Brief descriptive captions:
══════
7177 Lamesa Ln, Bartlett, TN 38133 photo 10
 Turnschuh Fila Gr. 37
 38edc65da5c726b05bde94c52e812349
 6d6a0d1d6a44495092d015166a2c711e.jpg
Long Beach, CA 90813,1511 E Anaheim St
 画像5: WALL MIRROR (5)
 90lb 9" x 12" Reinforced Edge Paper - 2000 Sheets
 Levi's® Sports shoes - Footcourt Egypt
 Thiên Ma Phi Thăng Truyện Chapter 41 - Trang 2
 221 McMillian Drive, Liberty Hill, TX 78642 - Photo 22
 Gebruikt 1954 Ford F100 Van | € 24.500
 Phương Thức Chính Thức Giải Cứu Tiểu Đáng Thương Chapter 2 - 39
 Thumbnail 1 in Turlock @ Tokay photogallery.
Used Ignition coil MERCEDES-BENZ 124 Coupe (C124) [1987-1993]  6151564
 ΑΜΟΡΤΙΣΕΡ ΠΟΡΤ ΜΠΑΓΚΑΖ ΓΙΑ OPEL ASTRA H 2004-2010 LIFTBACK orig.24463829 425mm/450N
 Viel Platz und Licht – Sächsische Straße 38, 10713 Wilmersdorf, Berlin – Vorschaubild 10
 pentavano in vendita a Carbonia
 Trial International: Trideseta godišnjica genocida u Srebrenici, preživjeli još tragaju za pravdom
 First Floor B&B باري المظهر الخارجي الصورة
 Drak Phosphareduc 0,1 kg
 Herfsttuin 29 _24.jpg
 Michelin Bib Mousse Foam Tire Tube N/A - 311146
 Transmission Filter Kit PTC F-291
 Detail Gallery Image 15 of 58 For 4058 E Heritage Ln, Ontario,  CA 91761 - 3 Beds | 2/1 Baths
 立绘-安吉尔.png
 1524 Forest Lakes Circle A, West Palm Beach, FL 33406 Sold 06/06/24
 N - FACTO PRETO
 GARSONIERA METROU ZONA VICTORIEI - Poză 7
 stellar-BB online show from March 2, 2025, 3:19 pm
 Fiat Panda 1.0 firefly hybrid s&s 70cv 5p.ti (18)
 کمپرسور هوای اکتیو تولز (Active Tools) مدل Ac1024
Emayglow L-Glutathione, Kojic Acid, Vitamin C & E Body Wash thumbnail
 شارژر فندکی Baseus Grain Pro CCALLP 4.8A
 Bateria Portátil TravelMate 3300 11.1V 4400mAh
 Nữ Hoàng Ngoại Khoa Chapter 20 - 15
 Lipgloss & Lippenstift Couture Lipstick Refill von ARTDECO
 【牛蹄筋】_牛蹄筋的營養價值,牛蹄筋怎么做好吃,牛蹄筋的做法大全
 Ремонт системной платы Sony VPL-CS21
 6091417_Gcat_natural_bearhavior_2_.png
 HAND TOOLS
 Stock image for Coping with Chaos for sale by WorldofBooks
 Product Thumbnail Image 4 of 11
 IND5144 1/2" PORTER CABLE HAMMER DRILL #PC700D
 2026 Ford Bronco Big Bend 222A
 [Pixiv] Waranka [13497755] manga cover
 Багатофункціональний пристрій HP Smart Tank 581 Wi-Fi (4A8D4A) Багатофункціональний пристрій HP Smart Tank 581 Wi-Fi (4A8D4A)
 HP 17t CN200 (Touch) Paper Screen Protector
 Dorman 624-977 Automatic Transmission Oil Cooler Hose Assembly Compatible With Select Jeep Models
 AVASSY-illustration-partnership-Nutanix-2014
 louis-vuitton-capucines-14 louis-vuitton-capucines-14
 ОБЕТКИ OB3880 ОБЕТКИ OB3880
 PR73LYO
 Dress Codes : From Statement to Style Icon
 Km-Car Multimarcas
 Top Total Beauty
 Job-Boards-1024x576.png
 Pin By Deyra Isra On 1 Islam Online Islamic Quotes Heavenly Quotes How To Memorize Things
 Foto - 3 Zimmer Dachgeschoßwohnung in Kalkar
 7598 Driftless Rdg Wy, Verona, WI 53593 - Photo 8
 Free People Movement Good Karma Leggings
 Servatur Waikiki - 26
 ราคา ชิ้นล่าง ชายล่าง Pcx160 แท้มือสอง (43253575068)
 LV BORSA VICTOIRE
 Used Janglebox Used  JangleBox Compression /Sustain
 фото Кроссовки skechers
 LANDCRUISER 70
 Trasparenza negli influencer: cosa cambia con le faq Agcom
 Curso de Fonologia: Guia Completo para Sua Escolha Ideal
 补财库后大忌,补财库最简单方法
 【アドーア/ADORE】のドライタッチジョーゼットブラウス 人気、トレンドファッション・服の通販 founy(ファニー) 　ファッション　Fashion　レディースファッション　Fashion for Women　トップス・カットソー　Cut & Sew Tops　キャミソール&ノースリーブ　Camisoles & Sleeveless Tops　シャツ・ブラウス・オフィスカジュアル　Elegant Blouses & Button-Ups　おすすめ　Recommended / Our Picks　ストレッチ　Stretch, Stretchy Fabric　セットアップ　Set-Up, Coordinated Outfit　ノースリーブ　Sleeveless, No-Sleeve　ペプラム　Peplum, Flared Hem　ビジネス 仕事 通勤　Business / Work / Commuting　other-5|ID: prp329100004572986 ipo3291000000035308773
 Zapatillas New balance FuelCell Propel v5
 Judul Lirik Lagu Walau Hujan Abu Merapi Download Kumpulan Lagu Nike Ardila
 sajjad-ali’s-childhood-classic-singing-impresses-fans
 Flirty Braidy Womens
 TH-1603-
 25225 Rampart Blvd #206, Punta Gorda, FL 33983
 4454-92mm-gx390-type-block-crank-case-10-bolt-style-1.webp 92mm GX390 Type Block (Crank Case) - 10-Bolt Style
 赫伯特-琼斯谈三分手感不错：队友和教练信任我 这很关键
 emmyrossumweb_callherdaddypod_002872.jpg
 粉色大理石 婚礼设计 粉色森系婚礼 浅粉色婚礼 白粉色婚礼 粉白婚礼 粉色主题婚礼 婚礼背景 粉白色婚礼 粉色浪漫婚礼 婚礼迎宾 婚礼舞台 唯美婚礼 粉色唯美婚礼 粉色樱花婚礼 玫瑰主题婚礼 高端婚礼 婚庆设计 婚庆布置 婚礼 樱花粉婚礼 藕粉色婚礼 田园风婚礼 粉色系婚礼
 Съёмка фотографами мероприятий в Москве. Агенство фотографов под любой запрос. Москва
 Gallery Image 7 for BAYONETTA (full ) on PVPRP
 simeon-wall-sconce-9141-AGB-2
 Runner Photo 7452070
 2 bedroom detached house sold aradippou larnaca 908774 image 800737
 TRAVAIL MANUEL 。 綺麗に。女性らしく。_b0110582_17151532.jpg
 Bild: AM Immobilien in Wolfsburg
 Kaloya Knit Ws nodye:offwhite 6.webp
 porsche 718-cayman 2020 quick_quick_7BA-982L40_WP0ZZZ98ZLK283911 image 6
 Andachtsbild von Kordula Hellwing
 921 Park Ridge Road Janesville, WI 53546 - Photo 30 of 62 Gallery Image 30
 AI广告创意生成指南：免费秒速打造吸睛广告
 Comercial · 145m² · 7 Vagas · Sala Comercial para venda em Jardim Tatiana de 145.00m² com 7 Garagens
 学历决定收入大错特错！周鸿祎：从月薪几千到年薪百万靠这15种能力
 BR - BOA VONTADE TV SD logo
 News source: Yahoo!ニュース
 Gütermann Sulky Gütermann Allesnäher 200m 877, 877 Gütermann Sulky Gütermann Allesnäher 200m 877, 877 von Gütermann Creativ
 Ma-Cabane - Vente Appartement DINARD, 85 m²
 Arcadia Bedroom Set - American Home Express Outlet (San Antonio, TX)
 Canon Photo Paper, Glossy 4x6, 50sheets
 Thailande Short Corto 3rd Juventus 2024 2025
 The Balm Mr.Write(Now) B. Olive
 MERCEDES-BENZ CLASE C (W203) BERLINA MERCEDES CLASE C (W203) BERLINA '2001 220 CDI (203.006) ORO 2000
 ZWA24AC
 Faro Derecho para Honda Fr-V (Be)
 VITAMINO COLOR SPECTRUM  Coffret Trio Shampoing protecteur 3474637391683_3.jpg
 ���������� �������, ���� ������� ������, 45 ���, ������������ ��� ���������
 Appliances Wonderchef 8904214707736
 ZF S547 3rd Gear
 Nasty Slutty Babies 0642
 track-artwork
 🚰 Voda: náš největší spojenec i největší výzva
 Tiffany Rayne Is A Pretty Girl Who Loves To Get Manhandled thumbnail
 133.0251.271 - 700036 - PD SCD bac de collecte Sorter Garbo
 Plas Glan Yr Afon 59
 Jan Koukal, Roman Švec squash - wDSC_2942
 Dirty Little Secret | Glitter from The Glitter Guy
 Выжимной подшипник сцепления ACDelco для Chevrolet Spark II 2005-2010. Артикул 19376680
══════
Your answer must be the lines above from the one containing "شارژر فندکی Baseus Grain Pro CCALLP 4.8A" to the one containing "Servatur Waikiki - 26", both included, restated word for word.

▶ Exercise result:
 شارژر فندکی Baseus Grain Pro CCALLP 4.8A
 Bateria Portátil TravelMate 3300 11.1V 4400mAh
 Nữ Hoàng Ngoại Khoa Chapter 20 - 15
 Lipgloss & Lippenstift Couture Lipstick Refill von ARTDECO
 【牛蹄筋】_牛蹄筋的營養價值,牛蹄筋怎么做好吃,牛蹄筋的做法大全
 Ремонт системной платы Sony VPL-CS21
 6091417_Gcat_natural_bearhavior_2_.png
 HAND TOOLS
 Stock image for Coping with Chaos for sale by WorldofBooks
 Product Thumbnail Image 4 of 11
 IND5144 1/2" PORTER CABLE HAMMER DRILL #PC700D
 2026 Ford Bronco Big Bend 222A
 [Pixiv] Waranka [13497755] manga cover
 Багатофункціональний пристрій HP Smart Tank 581 Wi-Fi (4A8D4A) Багатофункціональний пристрій HP Smart Tank 581 Wi-Fi (4A8D4A)
 HP 17t CN200 (Touch) Paper Screen Protector
 Dorman 624-977 Automatic Transmission Oil Cooler Hose Assembly Compatible With Select Jeep Models
 AVASSY-illustration-partnership-Nutanix-2014
 louis-vuitton-capucines-14 louis-vuitton-capucines-14
 ОБЕТКИ OB3880 ОБЕТКИ OB3880
 PR73LYO
 Dress Codes : From Statement to Style Icon
 Km-Car Multimarcas
 Top Total Beauty
 Job-Boards-1024x576.png
 Pin By Deyra Isra On 1 Islam Online Islamic Quotes Heavenly Quotes How To Memorize Things
 Foto - 3 Zimmer Dachgeschoßwohnung in Kalkar
 7598 Driftless Rdg Wy, Verona, WI 53593 - Photo 8
 Free People Movement Good Karma Leggings
 Servatur Waikiki - 26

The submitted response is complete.